Esta genialidad del autor ruso revela su enorme conocimiento de la condición humana: la malversación del bien para instituir el triunfo del mal. Basta prestar un mínimo de atención a los acontecimientos que tienen lugar en el orbe para apercibirse de ello. Con el pretexto de salvar al mundo del hombre y al hombre de sí mismo, avanza firme, corruptor y con muy escasa oposición un discurso y una acción política liberticida y de deshumanización del ser humano. Los global–socialistas (Agenda 2030, Foro Económico Mundial, Bilderberg, Club de Roma, Grupo de los Treinta, et al.) utilizan subterfugios apocalípticos como la salvación del planeta para crear una nueva servidumbre que acepte dócilmente el yugo de sus imposiciones por el bien de la humanidad —«¡Esa gente siempre echa mano de la utilidad pública para justificar cualquier infamia!», sintetiza Dmitri sobre el ex seminarista Rakitin reconvertido en el arribista que mora en todo converso socialista—.
El asceta que en la obra representa un castillo de integridad en defensa de la barbarie condensa esta amenaza con un relato sobre un peculiar personaje que padecía una curiosa enfermedad moral que resulta muy común en el siglo XXI occidental: «Cuanto más quiero a la humanidad en general, tanto menos quiero a los hombres en particular […]. Cuanto más he odiado a la gente en particular, tanto más apasionado ha sido mi amor por la humanidad en general». Este fragmento es uno de los más citados de esta magna obra.
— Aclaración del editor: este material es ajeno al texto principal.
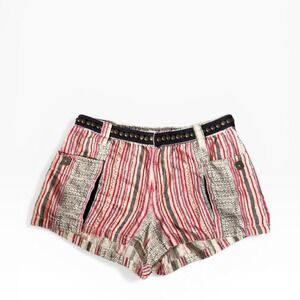 Free People Boho Striped Studded Cargo Shorts Red Grey Geometric Size 4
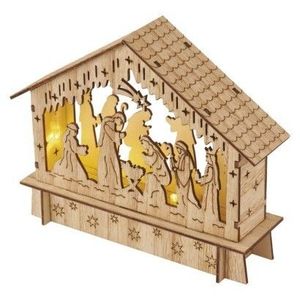Drevený LED vianočný betlehem s časovačom Bethle 15 cm teplá biela vyobraziť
Son muchas las enseñanzas que el lector atento puede extraer de los abismos a los que se precipitan los miembros de la orquesta de dementes que ejecutan el concierto de los personajes de Los hermanos Karamázov. «Nos sentimos arrebatados por ideales nobilísimos, pero a condición de que se alcancen por sí mismos, de que nos caigan del cielo sobre la mesa y, sobre todo, que no nos cuesten nada, nada, que nada haya que pagar por ellos». Con el 78 a las riendas de España, «la troika fatal de nuestros destinos corre al galope y, quizás, cara al abismo».
El cuarto hermano, Aliosha, es descrito por el narrador como el héroe de la historia que relata. Entró en el monasterio de la ciudad de los hechos como novicio. Pero el asceta local ve en él una obra pendiente de realizar extramuros y lo devuelve al mundo secular. Aliosha es el alma espiritual rusa, la Rusia por hacer y su salvación. Así sería también —en esta audaz extrapolación— la España por hacer y su salvación. El narrador alude a una segunda parte que habría de tener su historia. Sin embargo, el autor murió a la temprana edad de 59 años antes de haber tenido tiempo de escribirla. La salvación de la Rusia de Dostoyevski está por escribir. Así también la salvación de España, que —como su sosias oriental— aguarda a su Aliosha mientras cada día perece un poco más a manos de su Iván (la Transición) y de su Smerdiakov (el 78).
El porvenir es un papel en blanco a la espera de que lo emborronen. Para frenar la «troika fatal» y reconducirla a un mejor destino que el abismo, Aliosha habrá de tener presentes las palabras que le dirige el asceta Zosima en su lecho de muerte: «Tú trabajas por todos, obras para el futuro. […] No temas ni a los encumbrados ni a los fuertes, pero sé prudente y siempre digno. Que no te falte el sentido de la medida, conoce los plazos, adquiere ese sentido y este conocimiento». Y aunque esto no cobró vida en el papel, el francés Romain Rolland —al escribir sobre la Gran Guerra que asoló Europa 35 años después de la muerte del autor ruso— tomó nota de las palabras de Dostoyevski en el pasaje en el que Aliosha se habla a sí mismo cuando le dice al niño Kolia: «No sea como todos; aunque no quede nadie más distinto de los otros, aunque sea solo, no sea como los otros».